◆ Data segment:

-=-=-=-=-

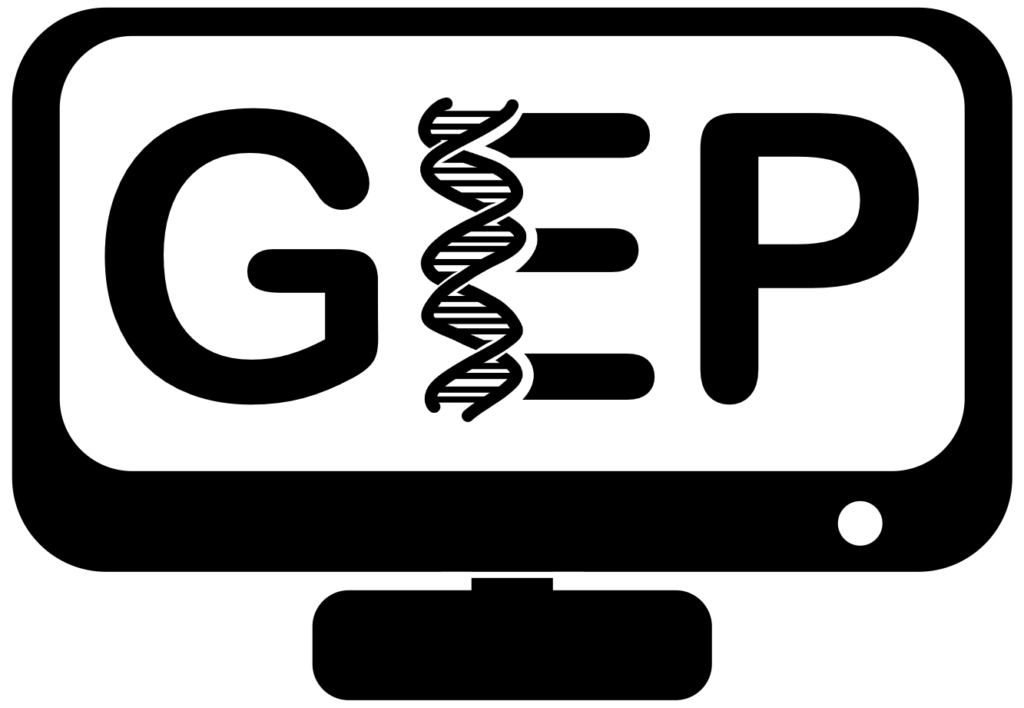 Genomics Education Partnership logo of a desktop computer screen with GEP on the screen an a DNA double helix as the vertical bar of the letter E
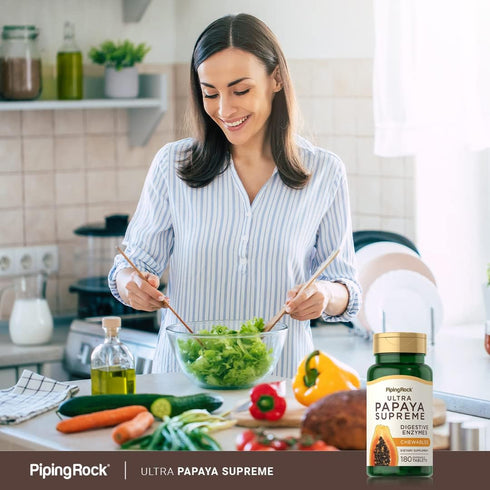 Piping Rock Papaya Enzymes Chewable | 180 Tablets | Non-GMO, Gluten Free Vegetarian Digestion Formula | Tropical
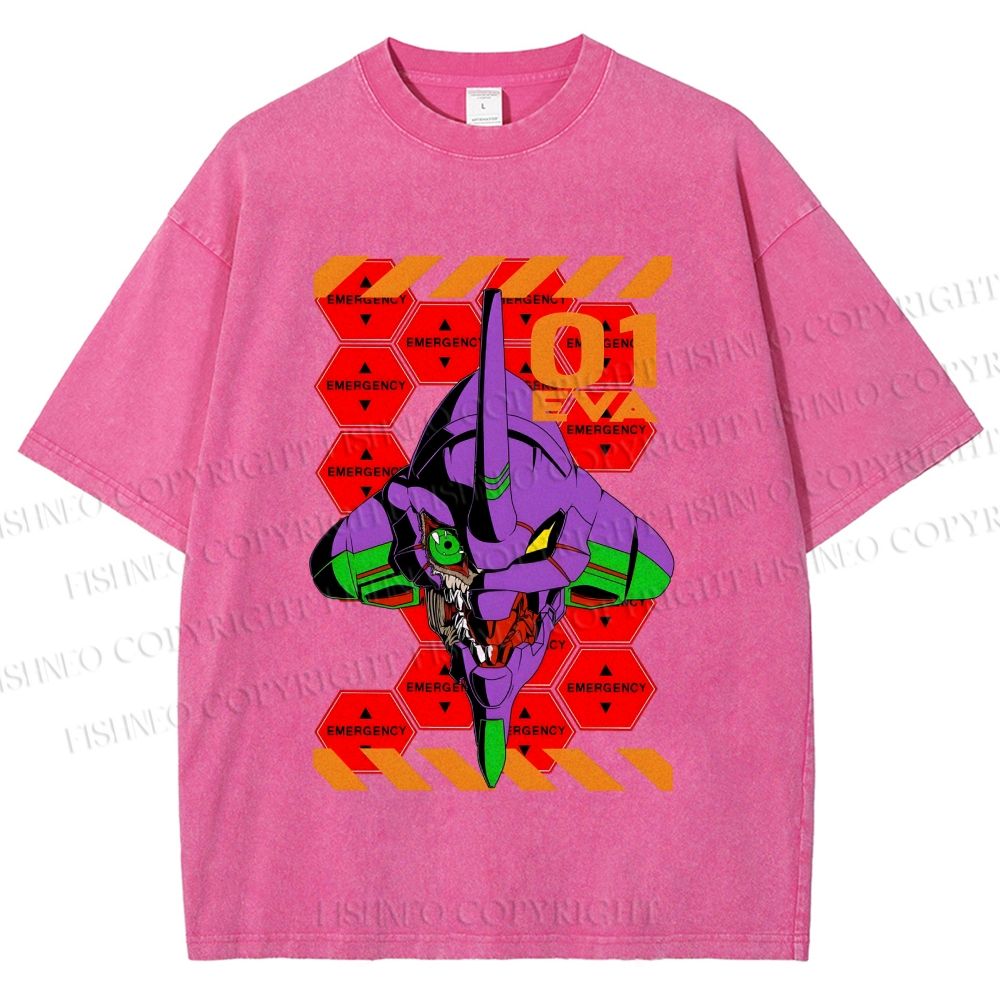 Unisex Neon Genesis Evangelion Printed Washed Tee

-=-=-=-=-

◆ Problem requirements: In your answer, set down the full listing word for word and include no pictures.

◆ Result of this exercise:
 Genomics Education Partnership logo of a desktop computer screen with GEP on the screen an a DNA double helix as the vertical bar of the letter E
 Piping Rock Papaya Enzymes Chewable | 180 Tablets | Non-GMO, Gluten Free Vegetarian Digestion Formula | Tropical
 Unisex Neon Genesis Evangelion Printed Washed Tee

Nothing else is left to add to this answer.